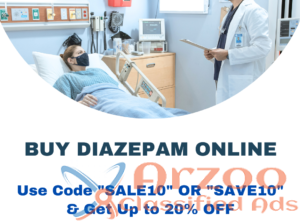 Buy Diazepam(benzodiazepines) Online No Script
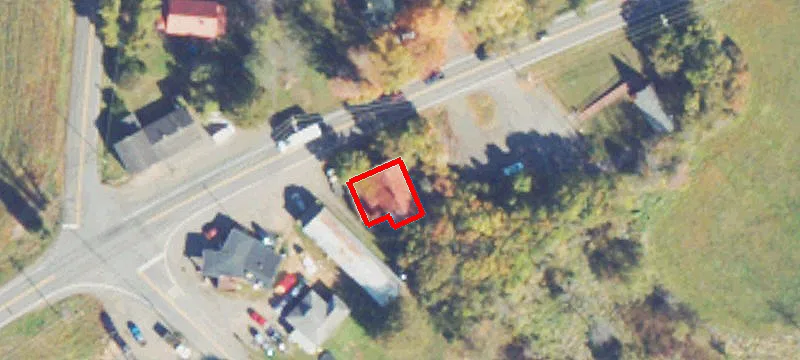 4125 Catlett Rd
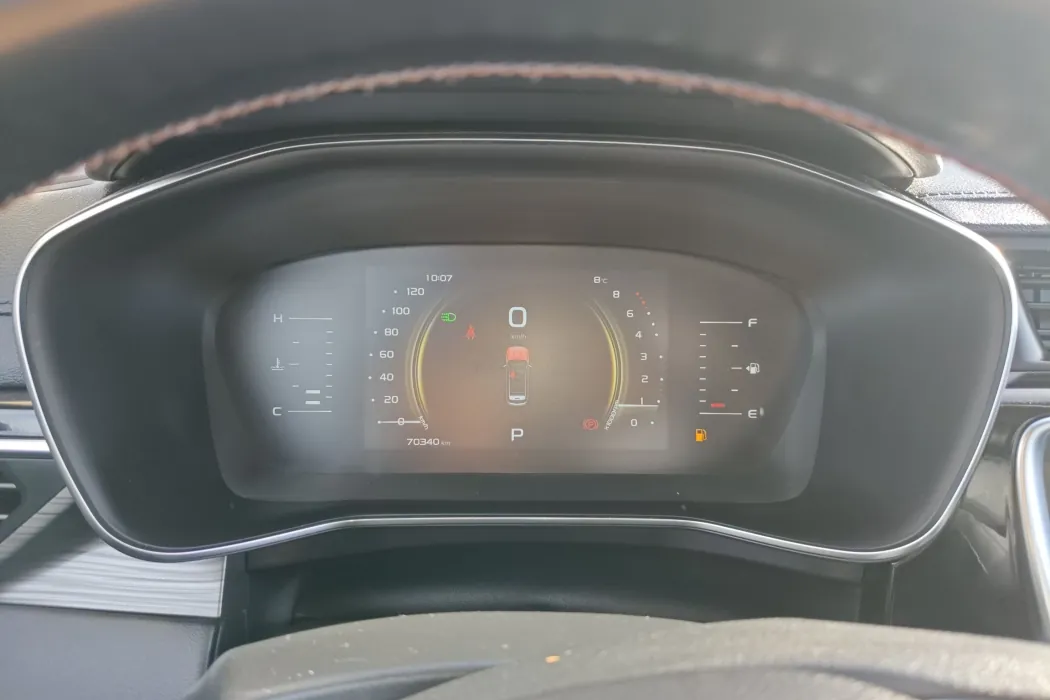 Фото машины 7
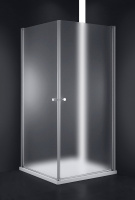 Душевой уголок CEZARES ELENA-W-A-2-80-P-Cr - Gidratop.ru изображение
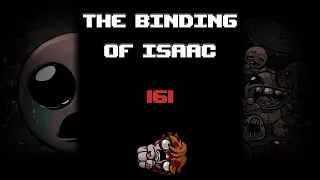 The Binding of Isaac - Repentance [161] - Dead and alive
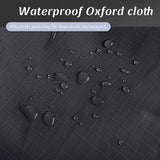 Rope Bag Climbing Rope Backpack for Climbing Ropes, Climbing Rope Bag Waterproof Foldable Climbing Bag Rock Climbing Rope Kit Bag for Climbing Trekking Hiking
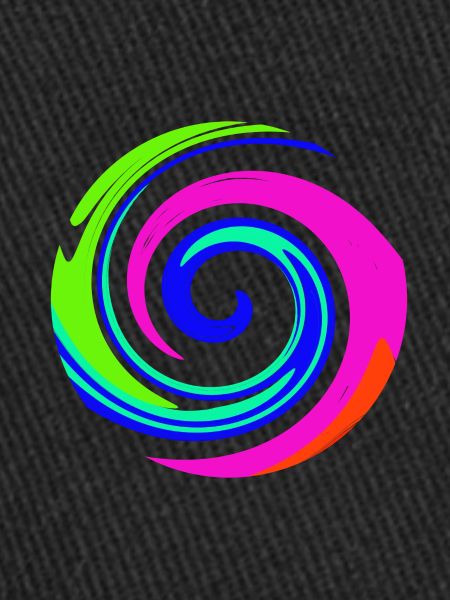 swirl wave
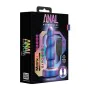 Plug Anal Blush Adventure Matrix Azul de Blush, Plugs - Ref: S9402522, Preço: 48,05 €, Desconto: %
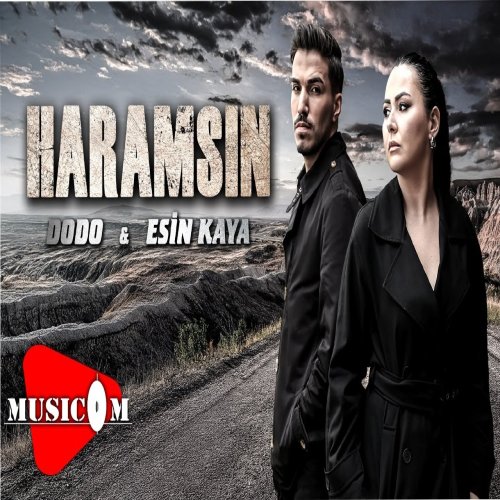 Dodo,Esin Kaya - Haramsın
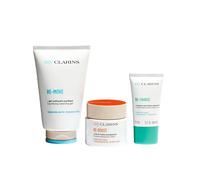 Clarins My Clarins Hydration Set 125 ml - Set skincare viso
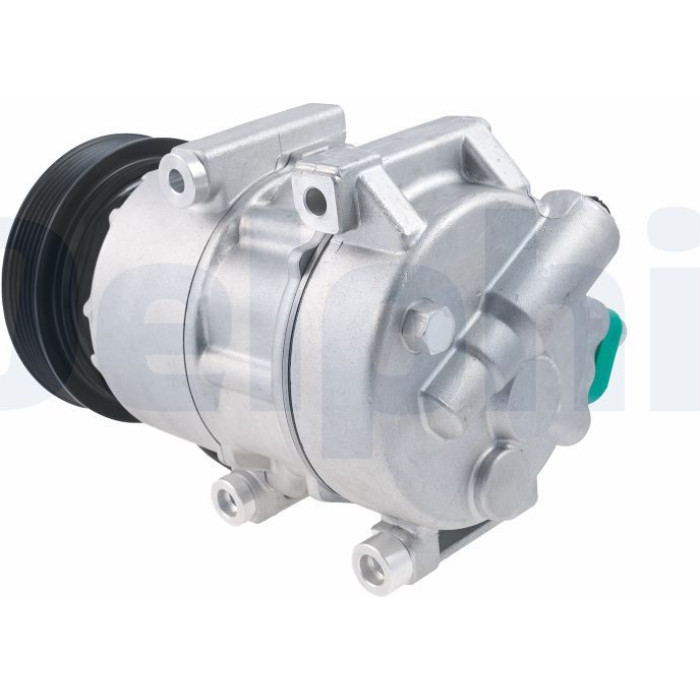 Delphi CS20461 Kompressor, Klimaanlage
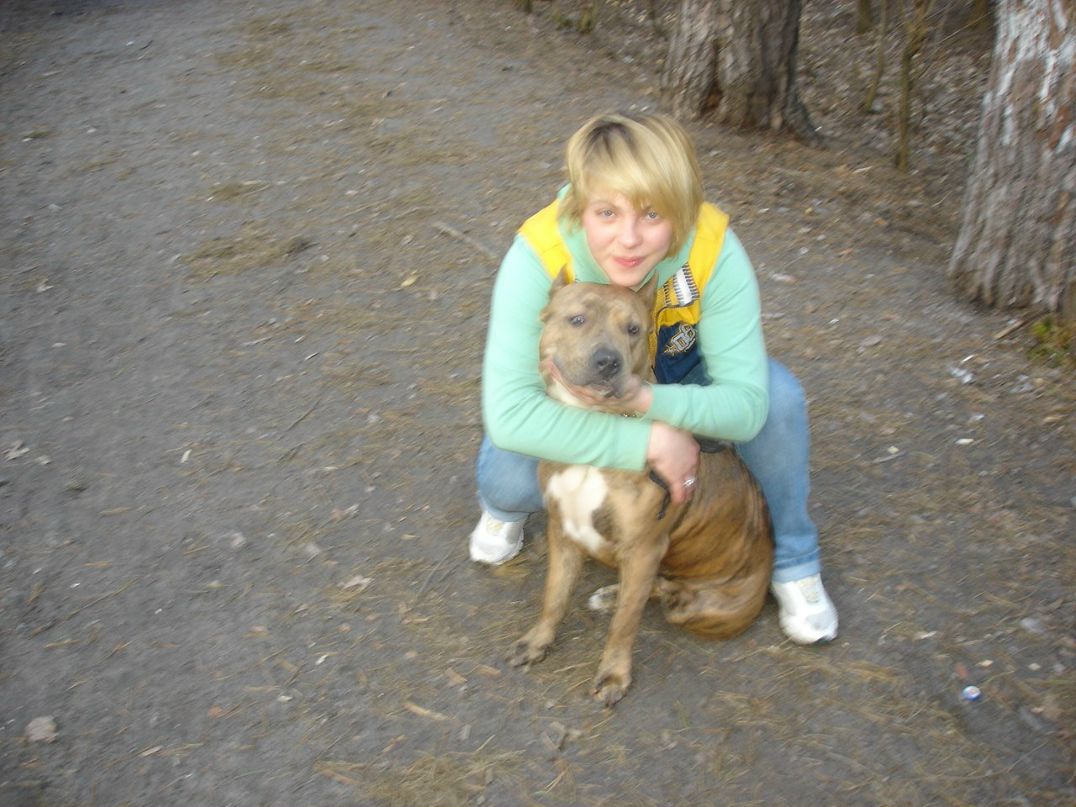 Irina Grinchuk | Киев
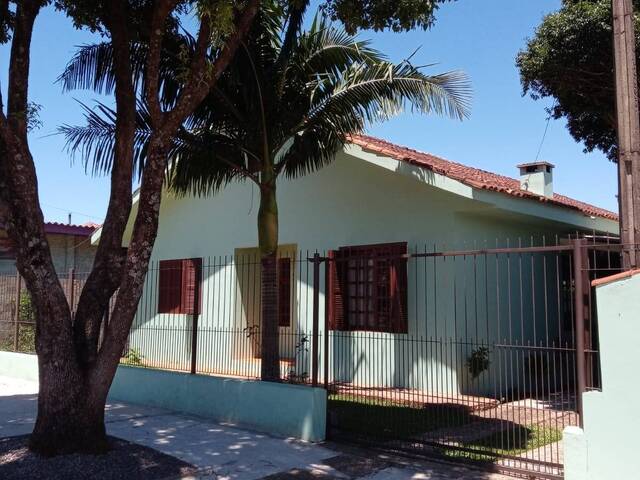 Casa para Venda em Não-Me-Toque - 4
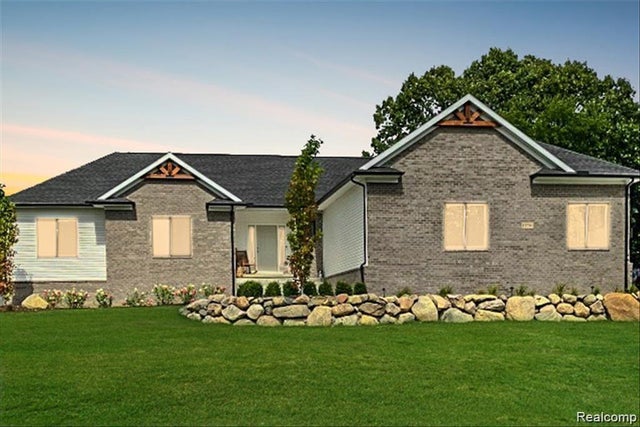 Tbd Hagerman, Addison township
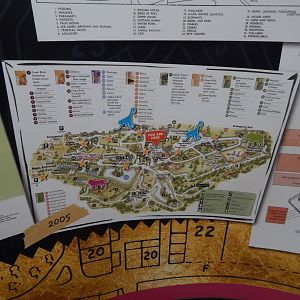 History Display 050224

▶ **Problem details**: Give back every record precisely as it stands, without the images.

▶ **Reply**:
 Buy Diazepam(benzodiazepines) Online No Script
 4125 Catlett Rd
 Фото машины 7
 Душевой уголок CEZARES ELENA-W-A-2-80-P-Cr - Gidratop.ru изображение
 The Binding of Isaac - Repentance [161] - Dead and alive
 Rope Bag Climbing Rope Backpack for Climbing Ropes, Climbing Rope Bag Waterproof Foldable Climbing Bag Rock Climbing Rope Kit Bag for Climbing Trekking Hiking
 swirl wave
 Plug Anal Blush Adventure Matrix Azul de Blush, Plugs - Ref: S9402522, Preço: 48,05 €, Desconto: %
 Dodo,Esin Kaya - Haramsın
 Clarins My Clarins Hydration Set 125 ml - Set skincare viso
 Delphi CS20461 Kompressor, Klimaanlage
 Irina Grinchuk | Киев
 Casa para Venda em Não-Me-Toque - 4
 Tbd Hagerman, Addison township
 History Display 050224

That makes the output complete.